In earlier shows Ferrer tended to bring together a few extremely different substances for maximum, head-on impact: neon tubing, dry leaves, canvas and a drum set, or telephone poles, spotlights and charcoal graffiti. The collage sense of juxtaposition had maximum force, and was metaphorically powerful as a description of the stridencies of current human existence. Some of the works in his recent show, especially the open-form assemblages, seem to be made of so many things that they are in danger of appearing embellished rather than constructed. These more abstract sculptures lack the hardness of contrast the artist usually commands. The problem, perhaps, is connected with Ferrer’s need for sharp emotional focus, a need provided for in images as densely loaded as the generic “boat” or “map.” With Ferrer, beauty isn’t enough.
The most successful work in the exhibition was the environment (considering the smaller room as a whole rather than as a collection of parts). This area was closed off by canvas sheeting except for two low, narrow openings. One entered at a crouch, humbled, and stepped onto Rafael Ferrer’s turf. Again there were overtones of childhood games and hiding places mingling with something more sinister—the artist as Puerto Rican gang leader. The room was lit only by variously colored small neon tubes in a number of separate pieces. Ferrer is masterful in his use of this gaudy, peculiar light. It contrasts dramatically with the hard, primitive silhouettes of the boats and beaded sculptures, suggesting flashy Latin nightlife and the jungle, side by side. The light was helpful in reducing the over-glitter of the bead, string, fabric and wire pieces, giving their contours more power and their details less, while extending their emotional range.
In the center of the room was a huge spray-painted banner announcing “el hielo” (ice).
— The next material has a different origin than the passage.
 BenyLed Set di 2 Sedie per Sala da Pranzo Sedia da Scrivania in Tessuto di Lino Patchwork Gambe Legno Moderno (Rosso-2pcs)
This banner, like Proust’s madeleine, triggered a multitude of simultaneous associations: ice pieces Ferrer has done at various times; bold, illegal subway graffiti; the gypsies and their ice in One Hundred Years of Solitude (a novel in many ways the most helpful guide to Ferrer’s sensibility): a statement, perhaps, of the artist’s altered esthetic, from real ice to a kind of painting using the word “ice”—a change of venue from Marcel Duchamp to Joan Miró. And on a high perch within a tall hanging sculpture, presiding over the room, was a moth eaten, stuffed American eagle looking very vulturelike. It was a vastly more effective political gesture than all the recent bombings and proclamations of Puerto Rican nationalist groups.
Ferrer shares many concerns with Lucas Samaras, yet the strength of one is the unsteady area of the other. Both are autobiographical, highly idiosyncratic, anticlassical artists, yet each operates best on a different scale from the other. Above all, each draws his emotional fuel from an opposite source; Samaras is self-consciously intellectual and narcissistic, even neurasthenic; Ferrer is deliberately primitive, tough, and direct. I like them both.